So who keeps on downvoting you on Reddit? We’ll find out.
But first – three notes:
- You may be familiar with Reddit. If you’re not – you can read this explanation about what Reddit is.
- To answer that question, I downloaded a dataset that was built in early 2011 or very late 2010. The dataset is a 29MB gzip compressed and contains 7,405,561 votes from 31,927 users over 2,046,401 links. You can read about the methodology here.
- The file contains three columns – a vote, a userid, and a link. Only people who had their privacy settings set to open had that data read by an API. There is no meta-data about who these people are in real life (IRL) or even what was the nature of the content they were upvoting and downvoting.
So, who’s downvoting you on reddit?
To find out, I took that huge file transformed it into another one – boiling it down into a single user name, how many times that username vote (numberofvotes), and the average of all their votes.
You can see below that _mike voted 26 times, and, if you take the average of all his votes, +1 for an upvote and -1 for a downvote, it turns out to be -.92. Basically, _mike didn’t like a lot of what he saw. In fact, _mike upvoted once (+1) and downvoted 25 times (-25). So (- 25) + (+1) is -24, and -24/26 is -.92.
There are over 30,000 usernames here – and that’s a lot of data. It’s really important to visualize the data before you really get into any analysis. One way to do that is to run a histogram.
To read the histogram below, remember:
- Frequency means ‘the number of usernames that fall into this category or range’.

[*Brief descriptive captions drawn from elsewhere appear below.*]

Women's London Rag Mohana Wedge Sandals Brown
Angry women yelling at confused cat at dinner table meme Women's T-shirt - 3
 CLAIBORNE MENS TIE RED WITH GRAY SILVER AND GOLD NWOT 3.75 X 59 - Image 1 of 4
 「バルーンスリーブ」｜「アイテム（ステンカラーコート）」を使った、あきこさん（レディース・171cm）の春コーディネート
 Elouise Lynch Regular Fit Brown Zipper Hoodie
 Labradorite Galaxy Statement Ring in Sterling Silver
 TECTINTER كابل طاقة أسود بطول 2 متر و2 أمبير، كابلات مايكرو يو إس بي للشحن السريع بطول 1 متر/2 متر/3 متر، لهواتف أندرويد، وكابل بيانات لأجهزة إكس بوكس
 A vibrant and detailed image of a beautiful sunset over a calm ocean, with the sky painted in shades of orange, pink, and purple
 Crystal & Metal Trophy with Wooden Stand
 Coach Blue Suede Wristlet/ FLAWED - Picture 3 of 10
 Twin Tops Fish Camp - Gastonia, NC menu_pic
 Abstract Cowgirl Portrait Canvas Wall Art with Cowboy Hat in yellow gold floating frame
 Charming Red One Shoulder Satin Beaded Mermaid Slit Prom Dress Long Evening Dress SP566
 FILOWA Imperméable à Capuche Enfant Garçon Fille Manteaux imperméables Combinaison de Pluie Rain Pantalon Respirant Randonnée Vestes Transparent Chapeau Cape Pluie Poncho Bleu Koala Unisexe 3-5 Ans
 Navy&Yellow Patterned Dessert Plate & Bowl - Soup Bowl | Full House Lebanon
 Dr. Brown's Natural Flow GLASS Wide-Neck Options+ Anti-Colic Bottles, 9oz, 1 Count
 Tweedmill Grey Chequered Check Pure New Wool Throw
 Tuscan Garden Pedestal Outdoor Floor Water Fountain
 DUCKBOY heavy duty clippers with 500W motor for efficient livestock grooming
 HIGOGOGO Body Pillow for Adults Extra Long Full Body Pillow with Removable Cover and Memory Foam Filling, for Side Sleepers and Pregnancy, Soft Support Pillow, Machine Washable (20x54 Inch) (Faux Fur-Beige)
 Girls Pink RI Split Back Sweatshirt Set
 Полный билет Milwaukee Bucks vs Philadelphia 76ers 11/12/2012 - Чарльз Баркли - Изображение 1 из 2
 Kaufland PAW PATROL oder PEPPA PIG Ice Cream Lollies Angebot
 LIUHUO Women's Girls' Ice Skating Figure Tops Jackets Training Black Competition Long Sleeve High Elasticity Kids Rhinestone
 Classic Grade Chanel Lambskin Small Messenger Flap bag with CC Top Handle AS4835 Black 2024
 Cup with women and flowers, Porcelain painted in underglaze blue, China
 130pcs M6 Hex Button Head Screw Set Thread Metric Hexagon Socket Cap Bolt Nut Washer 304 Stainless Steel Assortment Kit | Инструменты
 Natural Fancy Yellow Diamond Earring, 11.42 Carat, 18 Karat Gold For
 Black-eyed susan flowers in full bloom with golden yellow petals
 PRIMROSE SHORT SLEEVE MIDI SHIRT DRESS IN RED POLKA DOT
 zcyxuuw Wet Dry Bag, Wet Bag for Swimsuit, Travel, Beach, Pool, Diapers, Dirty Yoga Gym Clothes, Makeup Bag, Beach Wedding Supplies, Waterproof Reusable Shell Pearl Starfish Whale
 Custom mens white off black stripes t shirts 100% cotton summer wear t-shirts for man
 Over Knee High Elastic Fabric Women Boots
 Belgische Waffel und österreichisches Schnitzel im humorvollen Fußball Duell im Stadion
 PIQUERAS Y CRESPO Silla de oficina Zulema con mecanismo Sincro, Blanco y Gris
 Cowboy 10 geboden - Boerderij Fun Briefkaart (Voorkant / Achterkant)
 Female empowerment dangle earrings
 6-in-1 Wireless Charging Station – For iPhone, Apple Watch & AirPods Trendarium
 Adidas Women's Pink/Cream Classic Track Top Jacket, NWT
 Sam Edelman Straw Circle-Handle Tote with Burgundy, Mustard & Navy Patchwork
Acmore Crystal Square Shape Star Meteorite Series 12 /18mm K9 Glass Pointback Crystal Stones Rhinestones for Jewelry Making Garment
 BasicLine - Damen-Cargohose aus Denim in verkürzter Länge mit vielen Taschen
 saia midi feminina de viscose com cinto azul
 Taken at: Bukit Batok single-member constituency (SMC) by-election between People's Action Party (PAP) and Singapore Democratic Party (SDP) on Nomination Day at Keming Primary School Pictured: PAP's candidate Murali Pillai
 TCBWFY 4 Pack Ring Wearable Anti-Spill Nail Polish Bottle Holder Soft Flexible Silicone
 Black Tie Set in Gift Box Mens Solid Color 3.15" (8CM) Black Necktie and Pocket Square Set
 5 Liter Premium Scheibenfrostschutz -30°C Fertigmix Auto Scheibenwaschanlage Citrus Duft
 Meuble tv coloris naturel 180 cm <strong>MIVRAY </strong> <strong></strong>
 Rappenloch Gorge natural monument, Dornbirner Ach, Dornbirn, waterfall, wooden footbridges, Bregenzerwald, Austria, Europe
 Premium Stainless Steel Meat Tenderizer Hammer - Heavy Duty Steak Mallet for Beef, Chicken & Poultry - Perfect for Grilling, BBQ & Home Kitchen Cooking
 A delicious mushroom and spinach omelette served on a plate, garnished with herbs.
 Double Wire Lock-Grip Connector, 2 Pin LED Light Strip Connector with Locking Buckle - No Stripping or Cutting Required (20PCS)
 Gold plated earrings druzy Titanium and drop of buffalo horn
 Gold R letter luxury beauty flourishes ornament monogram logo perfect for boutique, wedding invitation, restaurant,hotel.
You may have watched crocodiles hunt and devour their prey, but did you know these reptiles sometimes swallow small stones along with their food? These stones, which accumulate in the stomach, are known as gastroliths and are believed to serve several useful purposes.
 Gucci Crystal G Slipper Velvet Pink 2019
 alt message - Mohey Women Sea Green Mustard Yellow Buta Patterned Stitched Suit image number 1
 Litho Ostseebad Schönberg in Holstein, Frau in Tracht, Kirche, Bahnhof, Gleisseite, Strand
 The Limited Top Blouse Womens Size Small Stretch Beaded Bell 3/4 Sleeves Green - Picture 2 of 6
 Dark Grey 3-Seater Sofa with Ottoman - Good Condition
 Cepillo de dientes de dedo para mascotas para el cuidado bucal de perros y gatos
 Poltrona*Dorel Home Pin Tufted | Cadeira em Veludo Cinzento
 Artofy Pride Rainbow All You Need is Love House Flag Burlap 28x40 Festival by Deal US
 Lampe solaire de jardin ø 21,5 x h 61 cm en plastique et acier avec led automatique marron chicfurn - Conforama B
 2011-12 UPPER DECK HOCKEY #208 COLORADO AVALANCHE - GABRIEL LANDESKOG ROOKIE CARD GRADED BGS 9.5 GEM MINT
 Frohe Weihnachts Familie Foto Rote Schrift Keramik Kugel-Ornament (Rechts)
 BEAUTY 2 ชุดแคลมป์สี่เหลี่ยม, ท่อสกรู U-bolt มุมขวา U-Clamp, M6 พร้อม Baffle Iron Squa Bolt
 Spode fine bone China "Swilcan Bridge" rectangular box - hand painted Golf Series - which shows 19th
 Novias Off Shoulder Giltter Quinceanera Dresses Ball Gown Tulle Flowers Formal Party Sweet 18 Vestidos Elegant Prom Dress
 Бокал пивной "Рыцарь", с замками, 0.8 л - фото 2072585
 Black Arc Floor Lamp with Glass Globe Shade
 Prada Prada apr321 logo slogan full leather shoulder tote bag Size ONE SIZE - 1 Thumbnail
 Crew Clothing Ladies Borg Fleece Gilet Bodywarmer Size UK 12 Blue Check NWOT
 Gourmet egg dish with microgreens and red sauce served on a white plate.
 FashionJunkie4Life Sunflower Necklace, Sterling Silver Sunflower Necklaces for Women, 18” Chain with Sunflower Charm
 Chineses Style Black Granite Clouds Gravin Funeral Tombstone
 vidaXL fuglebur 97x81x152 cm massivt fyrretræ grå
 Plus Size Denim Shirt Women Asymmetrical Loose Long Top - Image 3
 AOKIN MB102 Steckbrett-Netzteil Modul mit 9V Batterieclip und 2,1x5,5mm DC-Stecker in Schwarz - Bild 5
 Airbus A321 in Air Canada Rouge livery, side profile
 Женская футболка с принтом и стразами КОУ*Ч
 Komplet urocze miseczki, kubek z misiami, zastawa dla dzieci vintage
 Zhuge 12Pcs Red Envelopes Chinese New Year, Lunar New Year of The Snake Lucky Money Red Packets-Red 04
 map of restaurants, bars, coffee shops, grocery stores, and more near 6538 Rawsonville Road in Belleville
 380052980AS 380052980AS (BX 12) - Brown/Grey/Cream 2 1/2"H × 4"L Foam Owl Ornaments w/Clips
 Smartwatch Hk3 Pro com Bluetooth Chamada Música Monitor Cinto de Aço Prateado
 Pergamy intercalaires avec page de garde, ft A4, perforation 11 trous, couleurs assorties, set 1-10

- Numberofvotes means ‘the number of times a username voted.’
- Mean is another word for average.
There are three takeaways from the histogram above:
- The average number of votes by a username was 234.
- A large number of usernames didn’t vote very many times at all.
- There are bumps at 1000 and 2000 votes. (If you’re interested as to why – see the Methodological notes. Incidentally – this is why you should always visualize your data.)
A histogram is built from a Frequency Table, which we’ll see below.
The way to read a frequency table is:
- The ‘Valid’ column means ‘how many times a username voted’.
- Frequency means ‘the number of usernames that falls into this category’.
- Percent means ‘the percentage of all the usernames that those in this category represents’.
There are three takeaways from the Frequency Table above:
- 4877 of the usernames only voted one time (It’s likely they submitted a single link and never returned).
- Note how both the percentages and number of usernames in each category decrease.
- 50.1% of all the usernames voted 20 times or less. (Look at the cumulative percent column and make sure that makes sense to you. We’re going to use this column later.)
You may have heard the term ‘long tail’ many times before. This is a demonstration of what that means. The bars on the histogram falls away to right.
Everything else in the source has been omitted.